The function rf_spatial() now fits a non-spatial model first, and only generates spatial predictors for these distance.thresholds that show positive spatial autocorrelation.
Added a new function named filter_spatial_predictors(), that removes redundant spatial predictors within rf_spatial(). It shouldn’t lead to changes in the spatial models fitted with previous versions, but it will make them more parsimonious.
Changed the style of the package’s boxplots.
When using rf_repeat(), the median of the variable importance scores, performance scores, and Moran’s I is reported, instead of the mean.
Added the functions plot_training_data() and plot_moran_training_data() to help explore the training data prior to modeling.
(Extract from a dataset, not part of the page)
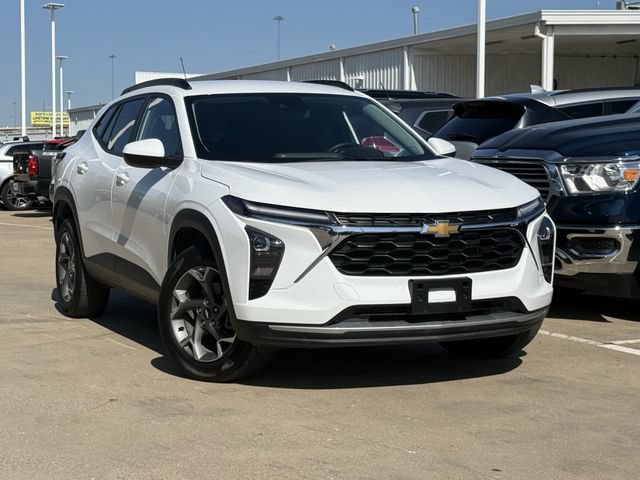 Used 2024 Chevrolet Trax LT w/ Driver Confidence Package FWD image 2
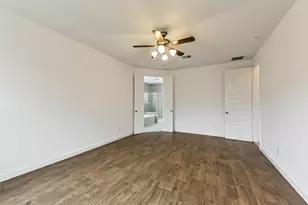 2206 Hidden Meadow Ln, Pearland, TX 77089 - Photo 19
Also fixed an issue where response variables could be identified as binary by mistake.
A bug regarding the predictions generated by rf()
that
affected every other function fitting models has been fixed. Previously,
the model predictions came from the “predictions” slot produced by
ranger()
. Such predictions are produced from the out-of-bag
data during model training, and are different and lead to lower R
squared values than those produced with predict(). Now the predictions
yielded by rf() are generated with predict(), and therefore you might
notice that now models fitted with spatialRF functions perform better
than before, because they do.
The function print_evaluation()
does not use huxtable
any longer to print the evaluation results, and only shows the results
of the testing model.
Added support for binary data (0 and 1). The function
rf()
now tests if the data is binary, and if so, it
populates the case.weights
argument of ranger
with the new function case_weights()
to minimize the side
effects of unbalanced data.
Fixed an issue where rf() applied the wrong is.numeric check to the response variable and the predictors that caused issues with tibbles.
Removed the function scale_robust() from rf(), and replaced it with scale(). It was giving more troubles than benefits.
Simplified rf_spatial().
Modified rf_tuning() to better tune models fitted with rf_spatial().
Minor fixes in several other functions.
All ‘sf’ dependencies removed from the package.